Jazz hands - how to run a Skype meeting
One of the difficult things about working on Skype or Google Hangout is that it strips us of the social cues that normally oil the wheels of good conversation, that little lean forward, opening of the mouth, intake of breath before someone interjects. (If these social cues don't mean anything to you then you are either spending way too much time online, or bereft of social skills. Either way stop reading this and go and talk to someone immediately)
One of the things we've been exploring at Nominet Trust is how do you replicate a natural flow of conversion when working on video conferencing that just isn't subtle enough to pick up on these?
A 1-1 call is less of a problem. But when you have a group talking online, or 1 person online and the rest physically in a room, the flow of conversation can be really challenged. I am sure you've been there in a meeting where the whole flow of the debate stops so you can 'check in' with the person on Skype to be sure they are hearing everything.

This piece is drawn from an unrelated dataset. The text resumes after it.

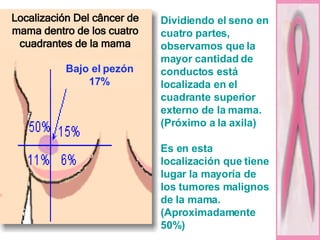 Dividiendo el seno en cuatro partes, observamos que la mayor cantidad de conductos está localizada en el cuadrante superior externo de la mama.  (Próximo a la axila) Es en esta localización que tiene lugar la mayoría de los tumores malignos de la mama.  (Aproximadamente 50%) Localización Del câncer de mama dentro de los cuatro cuadrantes de la mama Bajo el pezón 17% 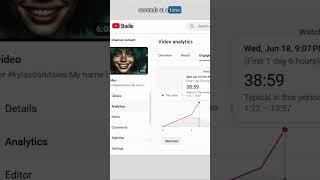 #imagineart #aikel 500 free credits and How to easily create viral shorts #shorts #shortvideos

We've got a few solutions to these problems:
Unlikely as it may fist appear, a particularly effective answer involves the ancient art of jazz hands.
Stick with me.
Direct democracy - something that's gained popularity among many social movements, most recently the Occupy Movement - is a really useful way of visually getting a sense of what is happening in a room and ensuring everyone's voice is heard. Other than being good for mass protest meetings and occupying stock exchanges, it also translates very well to video conferencing.
At its heart is a system of hand signals to show how you are feeling. 'Twinkling fingers' or 'Jazz hands' means you agree with what is being said for example. Raising a hand means you have something to say.
While you may feel like an idiot the first time you unleash your jazz hands to show agreement with what someone is saying, it's actually an incredibly valuable way to signpost how people are feeling without collisions over the sound in a call. Try it once and I guarantee you will find yourself effortlessly pick up the habit. Indeed so much so that it will you'll find yourself doing it in really inappropriate situations, like in the pub when someone says 'shall I grab some crisps'. The whole process itself is more fully explained on the image and couple of links below. But even if you just take on board the jazz hands to show agreement and giving a cue to say you have something to say, your group Skype and Hangout calls will go much easier, I assure you. It's worth saying that in a bigger group you will need someone to take the facilitator role to ensure that people are being given equal voice, and help steer the conversation.
For those who are particularly used to working with chat windows and Skype simultaneously, the chat function can also serve as a place to use a text interpretation of this kind of hand signal. But in my experience this can often lead to a splitting on conversation between those speaking and those who are typing, the physical hand signals means everyone keeps focused on a single conversation.
Another solution that has been really effective is when you have one person joining a physical meeting by video conferencing and you don't feel comfortable introducing everyone to jazz hands (shame on you). Firstly, don't underestimate the value of a good table mic so they can hear everyone speaking. It makes for more natural conversation and ensures that people don't have to do their 'Skype voice' (which sounds like they are talking to their deaf nan). Secondly, its really handy to have a private chat window open between yourself and the person Skyping in. That way you can cue each other about when something isn't heard or when the Skype caller needs to interject.
Ultimately though, if we all took on hand signals system there would be no need for private chat windows, and all our video conferencing would be much more interesting and more inclusive. So I urge you, find your inner jazz hands and share them with the world!